### [Problem description]
Copy, word for word, the lines of the listing below from the line with "FAQs: What You" up to and including the line with "Психоорганический синдром - Алкоклиник". Drop the pictures.

(Beginning of Data for this task)

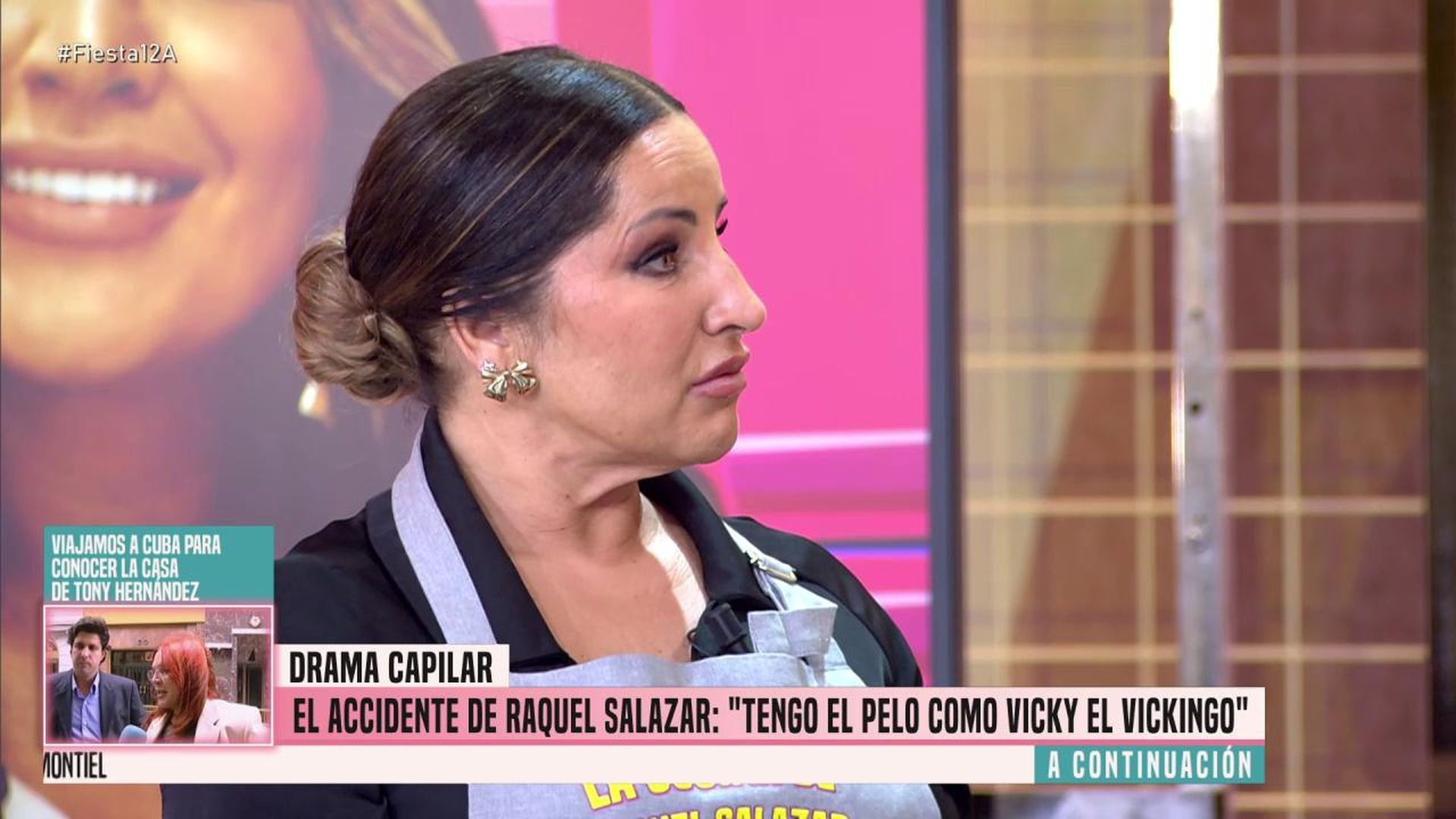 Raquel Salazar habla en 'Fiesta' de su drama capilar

(End of Data for this task)
(Beginning of Data for this task)

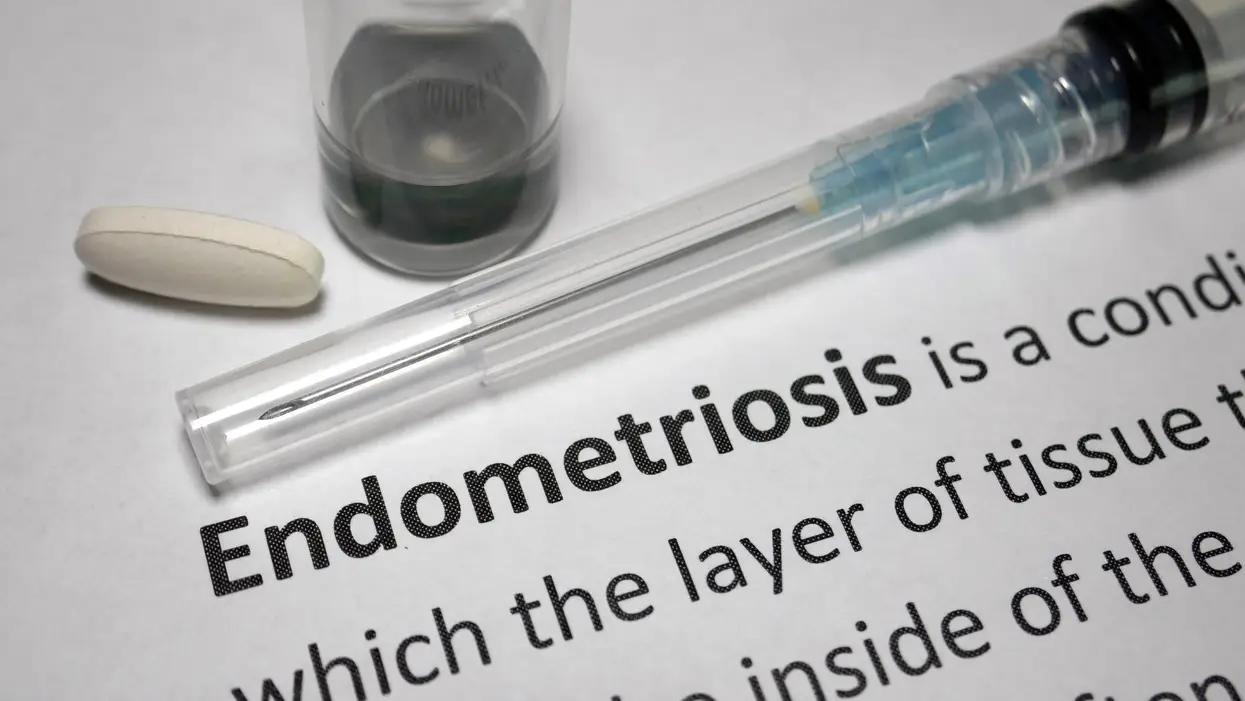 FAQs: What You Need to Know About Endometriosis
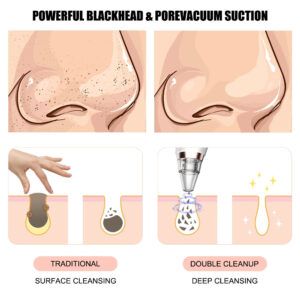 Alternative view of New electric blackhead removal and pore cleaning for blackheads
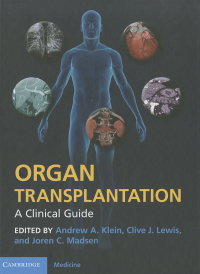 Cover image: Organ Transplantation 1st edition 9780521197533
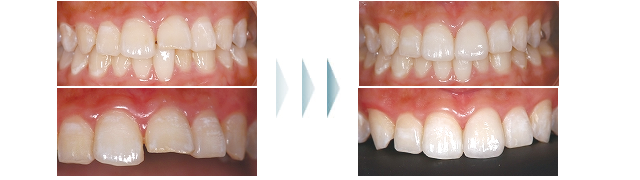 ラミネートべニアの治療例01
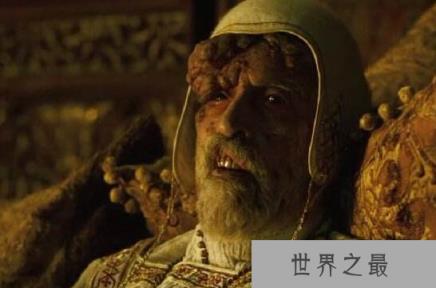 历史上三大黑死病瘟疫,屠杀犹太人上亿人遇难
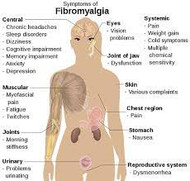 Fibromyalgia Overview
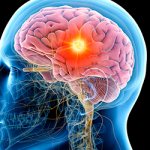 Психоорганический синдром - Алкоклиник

(End of Data for this task)

### [Solution for this problem]
 FAQs: What You Need to Know About Endometriosis
 Alternative view of New electric blackhead removal and pore cleaning for blackheads
 Cover image: Organ Transplantation 1st edition 9780521197533
 ラミネートべニアの治療例01
 历史上三大黑死病瘟疫,屠杀犹太人上亿人遇难
 Fibromyalgia Overview
 Психоорганический синдром - Алкоклиник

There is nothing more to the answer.